In an emailed statement, he welcomed his release as a chance for Ábrego García to see his family for the first time in more than five months.

“While his release brings some relief, we all know that he is far from safe. ICE detention or deportation to an unknown third country still threaten to tear his family apart,” Sandoval-Moshenberg stated. “A measure of justice has been done, but the government must stop pursuing actions that would once again separate this family.”

U.S. District Judge Waverly Crenshaw Jr., a Barack Obama appointee, ruled on July 23 that Ábrego García had to be released pending his criminal trial on two counts of immigration-related human smuggling.

That same day, U.S. District Judge Paula Xinis preemptively ruled that once Ábrego García was released, ICE could not immediately take him into custody.

Instead, the Maryland federal judge ordered that his case be transferred to the ICE Field Office in Baltimore. She also imposed a 72-hour window for Ábrego García to challenge any removal to a third country.

“The court shares plaintiffs’ ongoing concern that, absent meaningful safeguards, defendants may once again remove Abrego Garcia from the United States,” Xinis, also an Obama appointee, wrote in an 18-page opinion. “Thus, additional relief is necessary.”

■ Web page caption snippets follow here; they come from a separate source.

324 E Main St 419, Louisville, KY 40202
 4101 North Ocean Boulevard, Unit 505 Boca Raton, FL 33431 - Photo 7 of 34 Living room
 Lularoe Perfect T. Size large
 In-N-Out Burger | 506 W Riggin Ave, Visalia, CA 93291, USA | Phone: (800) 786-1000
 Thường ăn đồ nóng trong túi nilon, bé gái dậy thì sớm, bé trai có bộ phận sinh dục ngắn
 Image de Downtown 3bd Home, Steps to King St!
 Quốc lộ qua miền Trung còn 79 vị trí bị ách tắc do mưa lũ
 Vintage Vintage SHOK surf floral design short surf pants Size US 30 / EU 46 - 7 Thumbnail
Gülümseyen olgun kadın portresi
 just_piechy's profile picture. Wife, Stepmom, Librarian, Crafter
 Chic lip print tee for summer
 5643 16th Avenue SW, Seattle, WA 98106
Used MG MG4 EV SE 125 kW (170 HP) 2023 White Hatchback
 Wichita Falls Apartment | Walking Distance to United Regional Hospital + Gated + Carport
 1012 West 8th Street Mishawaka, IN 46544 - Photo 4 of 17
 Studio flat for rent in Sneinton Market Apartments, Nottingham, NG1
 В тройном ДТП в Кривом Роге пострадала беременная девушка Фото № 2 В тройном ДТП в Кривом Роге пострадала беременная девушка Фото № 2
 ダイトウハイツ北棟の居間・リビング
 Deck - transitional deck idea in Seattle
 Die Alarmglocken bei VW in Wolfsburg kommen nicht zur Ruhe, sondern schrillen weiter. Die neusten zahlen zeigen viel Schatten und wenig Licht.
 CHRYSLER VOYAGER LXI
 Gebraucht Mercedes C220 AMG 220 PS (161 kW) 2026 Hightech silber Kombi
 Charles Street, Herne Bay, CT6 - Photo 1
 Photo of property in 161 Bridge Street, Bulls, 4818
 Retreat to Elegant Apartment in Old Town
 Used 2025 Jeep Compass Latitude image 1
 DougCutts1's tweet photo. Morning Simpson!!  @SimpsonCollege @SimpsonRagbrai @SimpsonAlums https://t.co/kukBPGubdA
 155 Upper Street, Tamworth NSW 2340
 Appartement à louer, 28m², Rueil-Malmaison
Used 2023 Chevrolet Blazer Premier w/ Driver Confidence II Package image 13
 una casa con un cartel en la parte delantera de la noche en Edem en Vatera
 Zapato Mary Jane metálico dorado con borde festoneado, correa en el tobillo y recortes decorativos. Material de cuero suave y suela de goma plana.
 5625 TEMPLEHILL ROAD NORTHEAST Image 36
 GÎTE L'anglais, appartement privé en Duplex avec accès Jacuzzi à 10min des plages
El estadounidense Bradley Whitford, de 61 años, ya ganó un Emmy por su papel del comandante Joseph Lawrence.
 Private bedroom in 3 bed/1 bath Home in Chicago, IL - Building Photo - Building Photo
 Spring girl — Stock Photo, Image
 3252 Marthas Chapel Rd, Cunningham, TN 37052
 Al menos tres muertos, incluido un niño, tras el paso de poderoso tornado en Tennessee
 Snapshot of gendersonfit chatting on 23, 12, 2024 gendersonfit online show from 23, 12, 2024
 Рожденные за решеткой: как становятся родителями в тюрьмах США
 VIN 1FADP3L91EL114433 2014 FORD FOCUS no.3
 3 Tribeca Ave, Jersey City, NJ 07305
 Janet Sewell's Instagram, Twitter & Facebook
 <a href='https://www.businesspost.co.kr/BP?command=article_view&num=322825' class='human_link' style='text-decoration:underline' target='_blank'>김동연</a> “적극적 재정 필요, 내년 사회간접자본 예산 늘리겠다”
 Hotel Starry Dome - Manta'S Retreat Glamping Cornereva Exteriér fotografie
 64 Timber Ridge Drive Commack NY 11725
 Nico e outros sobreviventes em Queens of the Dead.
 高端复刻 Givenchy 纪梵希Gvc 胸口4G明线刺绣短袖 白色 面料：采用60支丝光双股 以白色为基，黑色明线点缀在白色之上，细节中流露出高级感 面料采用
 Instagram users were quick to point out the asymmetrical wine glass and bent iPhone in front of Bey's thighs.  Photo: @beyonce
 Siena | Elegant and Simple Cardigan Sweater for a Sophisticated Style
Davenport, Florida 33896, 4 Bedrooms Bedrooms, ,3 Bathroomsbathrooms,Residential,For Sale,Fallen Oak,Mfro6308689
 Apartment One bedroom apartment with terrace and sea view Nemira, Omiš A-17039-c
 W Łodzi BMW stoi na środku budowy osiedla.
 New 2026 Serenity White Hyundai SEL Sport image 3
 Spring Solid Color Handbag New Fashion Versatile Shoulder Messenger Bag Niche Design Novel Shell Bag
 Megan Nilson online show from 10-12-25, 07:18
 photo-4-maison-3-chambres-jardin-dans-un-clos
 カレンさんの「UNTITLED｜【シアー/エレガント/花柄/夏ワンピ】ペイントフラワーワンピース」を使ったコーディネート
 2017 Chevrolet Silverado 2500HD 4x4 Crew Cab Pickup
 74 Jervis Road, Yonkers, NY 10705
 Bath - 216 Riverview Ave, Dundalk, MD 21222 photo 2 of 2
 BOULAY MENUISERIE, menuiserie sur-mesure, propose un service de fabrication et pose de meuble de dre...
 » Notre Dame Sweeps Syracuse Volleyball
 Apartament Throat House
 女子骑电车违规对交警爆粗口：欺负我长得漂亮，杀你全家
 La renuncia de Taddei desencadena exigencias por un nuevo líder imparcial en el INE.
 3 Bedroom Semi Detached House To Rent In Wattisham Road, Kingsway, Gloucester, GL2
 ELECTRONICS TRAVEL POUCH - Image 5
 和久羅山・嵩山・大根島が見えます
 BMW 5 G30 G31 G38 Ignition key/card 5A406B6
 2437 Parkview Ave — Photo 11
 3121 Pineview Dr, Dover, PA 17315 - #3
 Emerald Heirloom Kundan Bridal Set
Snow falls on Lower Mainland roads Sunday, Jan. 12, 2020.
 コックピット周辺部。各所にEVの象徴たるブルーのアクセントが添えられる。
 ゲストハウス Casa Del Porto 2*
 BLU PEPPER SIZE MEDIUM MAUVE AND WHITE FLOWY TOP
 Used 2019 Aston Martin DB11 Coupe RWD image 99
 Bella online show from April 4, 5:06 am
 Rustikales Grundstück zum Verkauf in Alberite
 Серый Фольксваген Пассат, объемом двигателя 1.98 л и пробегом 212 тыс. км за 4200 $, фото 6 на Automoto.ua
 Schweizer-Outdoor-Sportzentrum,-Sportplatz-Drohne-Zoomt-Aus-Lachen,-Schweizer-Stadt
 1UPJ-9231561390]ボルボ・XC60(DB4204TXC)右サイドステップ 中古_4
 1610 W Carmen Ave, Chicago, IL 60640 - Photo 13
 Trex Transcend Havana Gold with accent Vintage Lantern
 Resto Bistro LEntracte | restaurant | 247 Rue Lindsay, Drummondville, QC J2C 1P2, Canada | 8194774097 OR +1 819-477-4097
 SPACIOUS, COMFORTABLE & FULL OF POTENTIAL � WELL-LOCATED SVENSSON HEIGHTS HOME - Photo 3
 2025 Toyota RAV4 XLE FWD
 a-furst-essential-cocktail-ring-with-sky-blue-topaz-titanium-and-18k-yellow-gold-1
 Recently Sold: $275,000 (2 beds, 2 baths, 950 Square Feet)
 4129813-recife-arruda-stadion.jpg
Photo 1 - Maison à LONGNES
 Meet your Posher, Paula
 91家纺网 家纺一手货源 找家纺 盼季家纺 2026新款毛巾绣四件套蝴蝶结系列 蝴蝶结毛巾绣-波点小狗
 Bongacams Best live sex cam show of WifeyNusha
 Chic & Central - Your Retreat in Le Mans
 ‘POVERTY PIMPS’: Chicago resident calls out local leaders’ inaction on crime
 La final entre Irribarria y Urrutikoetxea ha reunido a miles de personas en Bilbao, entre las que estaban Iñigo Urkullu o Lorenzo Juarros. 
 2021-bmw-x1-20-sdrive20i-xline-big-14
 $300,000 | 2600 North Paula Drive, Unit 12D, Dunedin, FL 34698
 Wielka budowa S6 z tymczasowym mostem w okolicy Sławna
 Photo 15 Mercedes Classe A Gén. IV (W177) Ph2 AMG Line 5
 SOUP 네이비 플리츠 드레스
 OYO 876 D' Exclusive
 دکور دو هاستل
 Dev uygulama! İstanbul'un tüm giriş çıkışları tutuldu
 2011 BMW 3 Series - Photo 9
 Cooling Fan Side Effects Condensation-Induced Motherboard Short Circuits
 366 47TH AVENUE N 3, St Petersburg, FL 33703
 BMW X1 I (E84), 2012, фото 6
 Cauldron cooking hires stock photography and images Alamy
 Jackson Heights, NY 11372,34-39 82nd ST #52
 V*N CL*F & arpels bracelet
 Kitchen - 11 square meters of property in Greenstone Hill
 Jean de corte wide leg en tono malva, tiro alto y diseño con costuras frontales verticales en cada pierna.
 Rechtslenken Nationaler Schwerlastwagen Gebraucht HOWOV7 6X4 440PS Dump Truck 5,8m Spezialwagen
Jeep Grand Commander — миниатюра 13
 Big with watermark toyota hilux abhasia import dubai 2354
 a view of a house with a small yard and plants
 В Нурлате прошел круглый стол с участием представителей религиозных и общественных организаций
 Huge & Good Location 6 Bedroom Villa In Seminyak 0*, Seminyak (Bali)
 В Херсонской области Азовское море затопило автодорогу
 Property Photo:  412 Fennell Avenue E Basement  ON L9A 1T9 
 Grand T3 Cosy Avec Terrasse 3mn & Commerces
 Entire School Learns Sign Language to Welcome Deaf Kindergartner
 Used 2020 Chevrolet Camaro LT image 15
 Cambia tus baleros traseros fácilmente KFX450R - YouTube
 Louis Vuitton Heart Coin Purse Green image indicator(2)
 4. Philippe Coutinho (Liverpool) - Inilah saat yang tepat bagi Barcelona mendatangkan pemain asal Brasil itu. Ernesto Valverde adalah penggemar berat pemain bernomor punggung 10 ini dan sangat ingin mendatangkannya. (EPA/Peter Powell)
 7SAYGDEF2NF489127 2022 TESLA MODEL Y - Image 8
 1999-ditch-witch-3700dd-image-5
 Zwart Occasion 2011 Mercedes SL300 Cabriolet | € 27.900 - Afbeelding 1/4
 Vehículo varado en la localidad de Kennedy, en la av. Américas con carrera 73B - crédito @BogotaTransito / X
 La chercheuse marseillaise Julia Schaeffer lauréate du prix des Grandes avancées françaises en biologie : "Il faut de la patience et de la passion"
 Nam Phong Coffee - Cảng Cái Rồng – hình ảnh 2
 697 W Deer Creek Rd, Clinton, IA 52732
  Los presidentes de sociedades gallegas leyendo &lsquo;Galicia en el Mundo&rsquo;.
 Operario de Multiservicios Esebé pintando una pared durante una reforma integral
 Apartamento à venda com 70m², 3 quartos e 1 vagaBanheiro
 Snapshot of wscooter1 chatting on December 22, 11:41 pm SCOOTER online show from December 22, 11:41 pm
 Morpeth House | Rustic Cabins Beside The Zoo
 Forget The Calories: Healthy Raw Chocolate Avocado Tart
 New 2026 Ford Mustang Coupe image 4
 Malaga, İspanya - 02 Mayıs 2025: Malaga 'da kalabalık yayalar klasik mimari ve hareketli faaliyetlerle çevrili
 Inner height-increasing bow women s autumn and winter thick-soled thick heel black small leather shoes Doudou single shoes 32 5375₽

Besides Crenshaw’s ruling, Xinis’ order also followed a pair of evidentiary hearings in early July, where a top ICE official revealed that Ábrego García could be immediately removed to Mexico or South Sudan with little opportunity for him to challenge the deportation.

Thomas Giles, assistant director for Enforcement and Removal Operations, testified that under new Department of Homeland Security policies, immigrants can be summarily deported to any country, so long as that country provides credible “diplomatic assurances” that the person will not face persecution or torture.

Since Giles testified, public reporting has revealed summary deportations to Eswatini and Uzbekistan.

Ábrego García has pleaded not guilty to the smuggling charges against him, which stem from a 2022 traffic stop in Tennessee for speeding. He was driving with nine passengers in the car. Officers let him off with a warning.

The Trump administration has cast Ábrego García as a dangerous criminal. At a July press conference, Homeland Security Secretary Kristi Noem called him a “horrible human being and a monster” who “should never be released.”

Attorneys representing Ábrego García in the matter argue he is being prosecuted in retaliation for challenging his removal to El Salvador. Earlier this week, they filed a motion to dismiss the charges.

In his order last month, Crenshaw said the Trump administration had not backed up its claims that Ábrego García is a gang member. He wrote, “There is no evidence before the court that Abrego: has markings or tattoos showing gang affiliation; has working relationships with known MS-13 members; ever told any of the witnesses that he is a MS-13 member; or has ever been affiliated with any sort of gang activity."

Nonetheless, in an emailed statement on Friday, Noem slammed Xinis for ordering Ábrego García’s release. She called Xinis an “activist liberal judge.”

“Today, we reached a new low with this publicity hungry Maryland judge,” Noem stated. “By ordering this monster loose on America’s streets, this judge has shown a complete disregard for the American people. We will not stop fighting til this Salvadoran man faces justice and is out of our country.”